## Exercise inputs
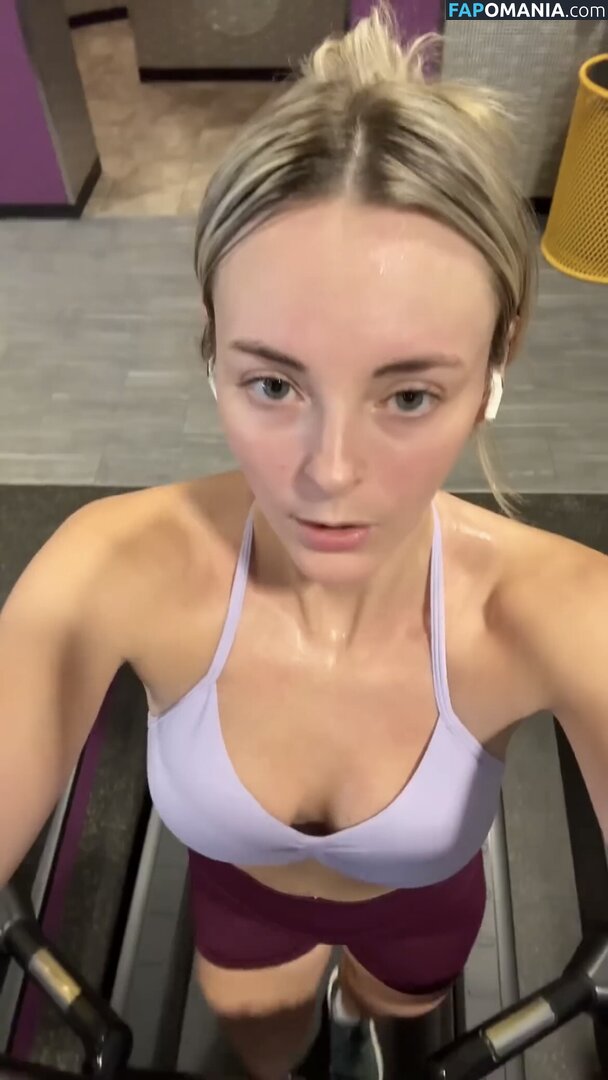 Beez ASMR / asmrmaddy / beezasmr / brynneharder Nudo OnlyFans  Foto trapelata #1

* * *

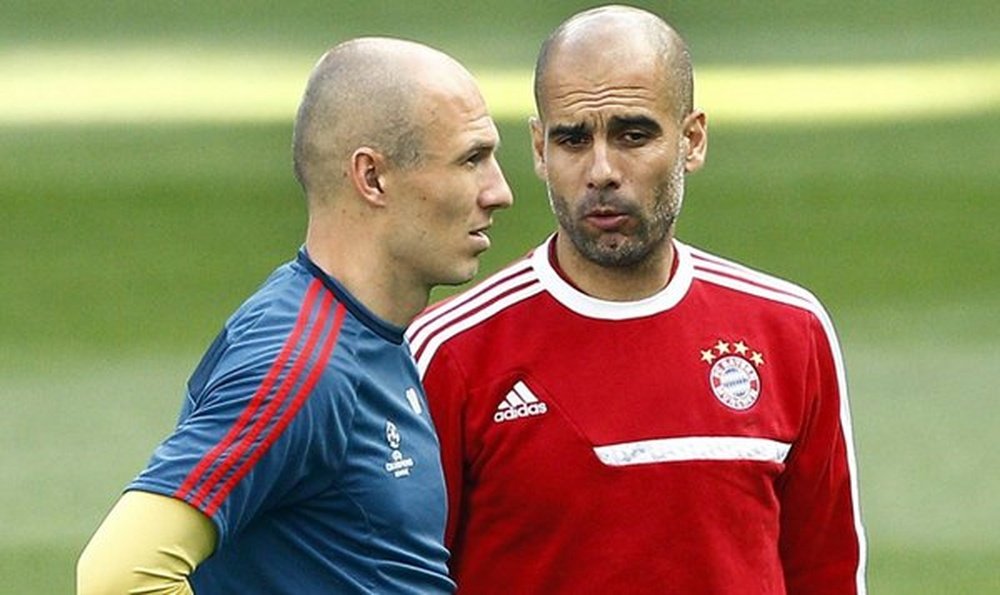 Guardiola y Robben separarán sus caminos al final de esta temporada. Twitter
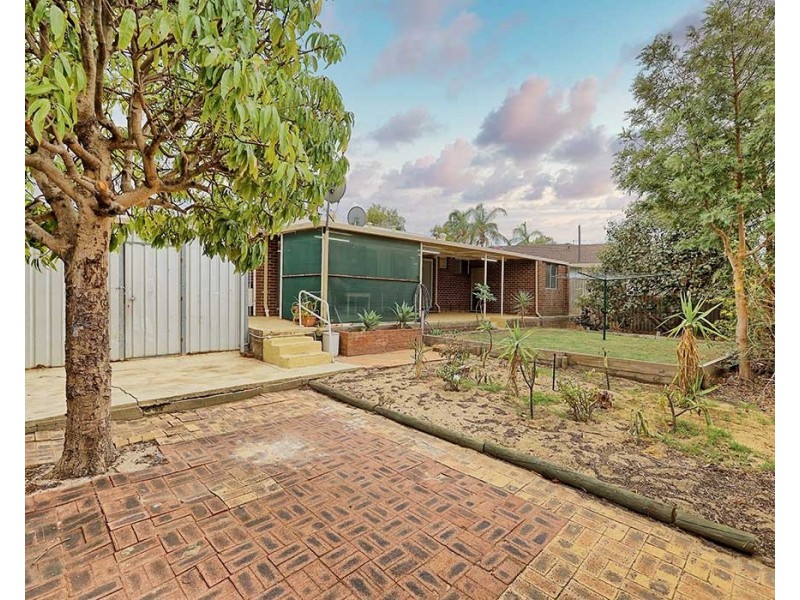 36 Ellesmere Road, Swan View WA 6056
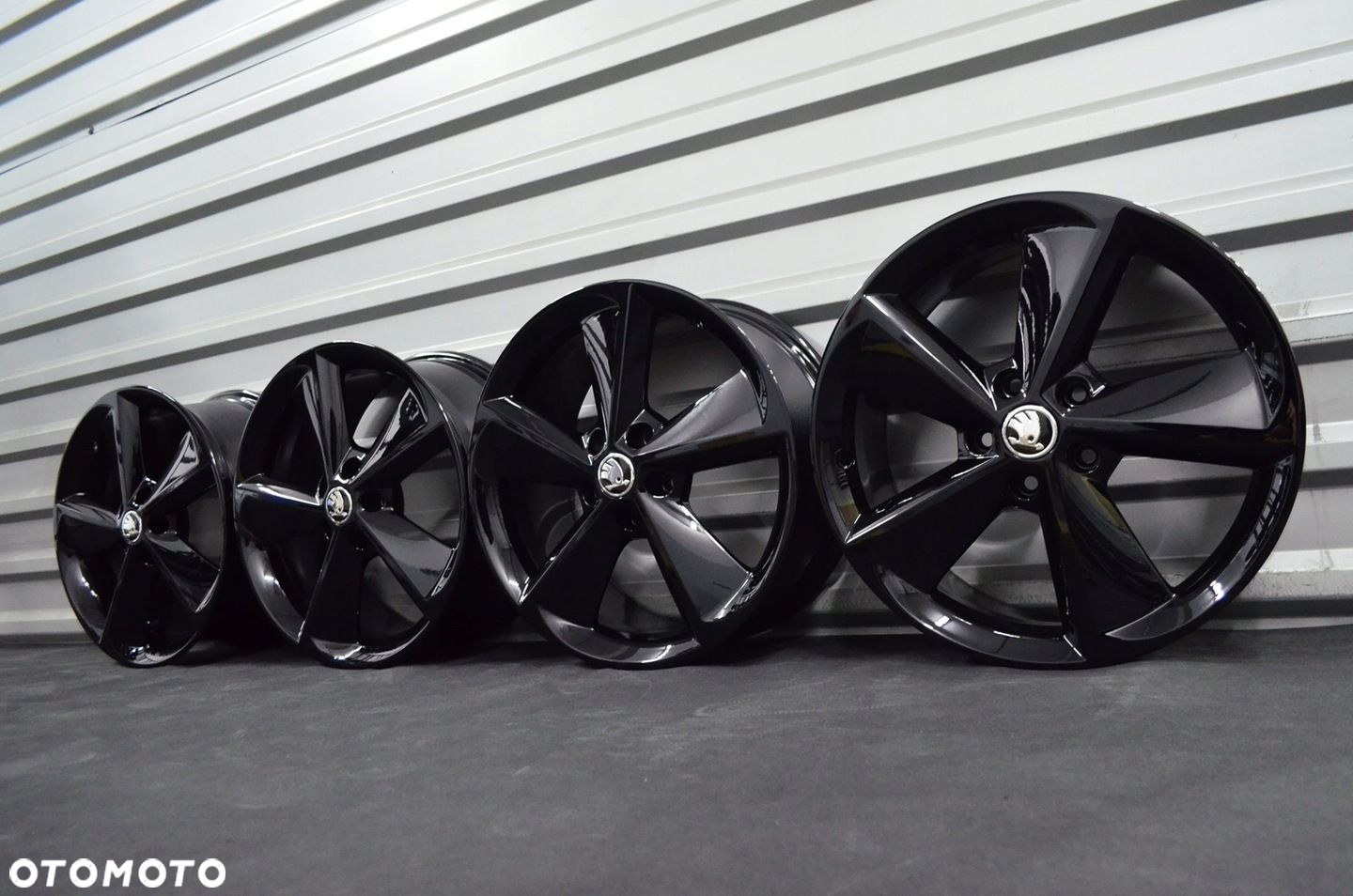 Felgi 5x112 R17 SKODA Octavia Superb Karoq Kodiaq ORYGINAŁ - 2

...

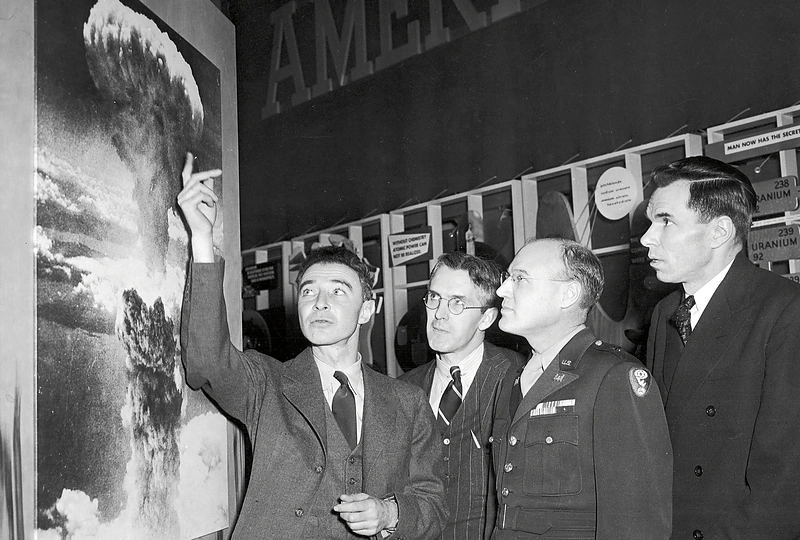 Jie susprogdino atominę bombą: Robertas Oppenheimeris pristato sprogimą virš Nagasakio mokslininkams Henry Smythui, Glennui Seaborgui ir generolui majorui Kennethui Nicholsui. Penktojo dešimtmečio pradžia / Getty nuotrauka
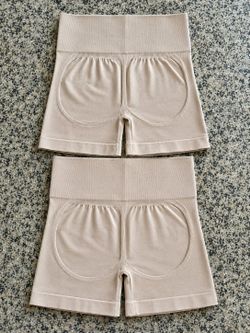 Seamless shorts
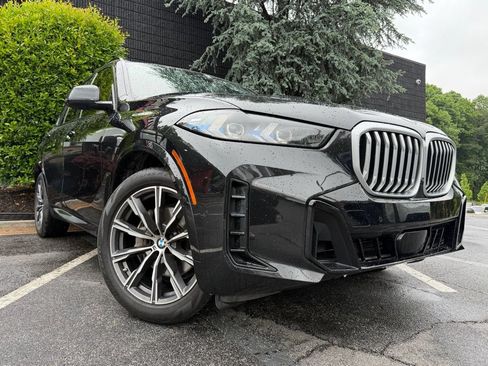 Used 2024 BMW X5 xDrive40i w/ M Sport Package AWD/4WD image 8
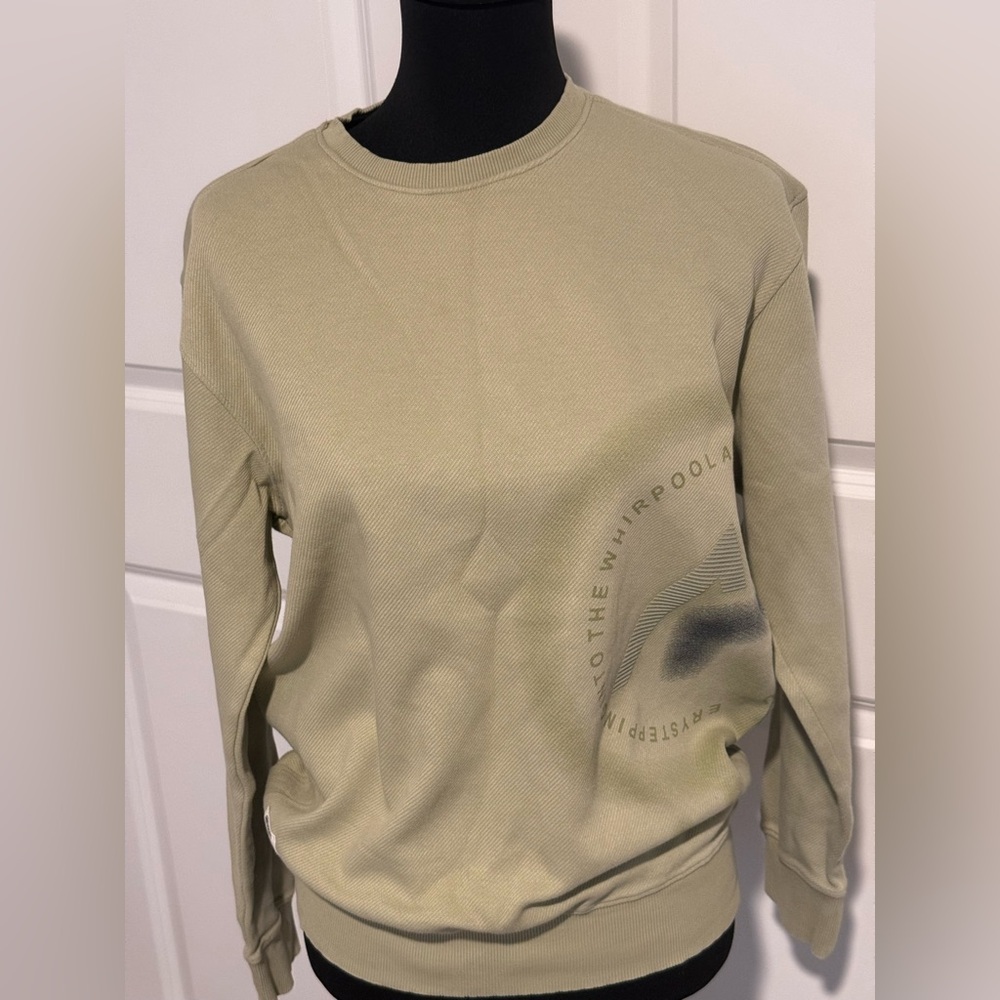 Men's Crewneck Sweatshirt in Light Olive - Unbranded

## Exercise brief
Using the data above, retype exactly the lines from the line with "Jie susprogdino atominę" to the line with "Men's Crewneck Sweatshirt", inclusive. No pictures and nothing else.

## Exercise output
 Jie susprogdino atominę bombą: Robertas Oppenheimeris pristato sprogimą virš Nagasakio mokslininkams Henry Smythui, Glennui Seaborgui ir generolui majorui Kennethui Nicholsui. Penktojo dešimtmečio pradžia / Getty nuotrauka
 Seamless shorts
 Used 2024 BMW X5 xDrive40i w/ M Sport Package AWD/4WD image 8
 Men's Crewneck Sweatshirt in Light Olive - Unbranded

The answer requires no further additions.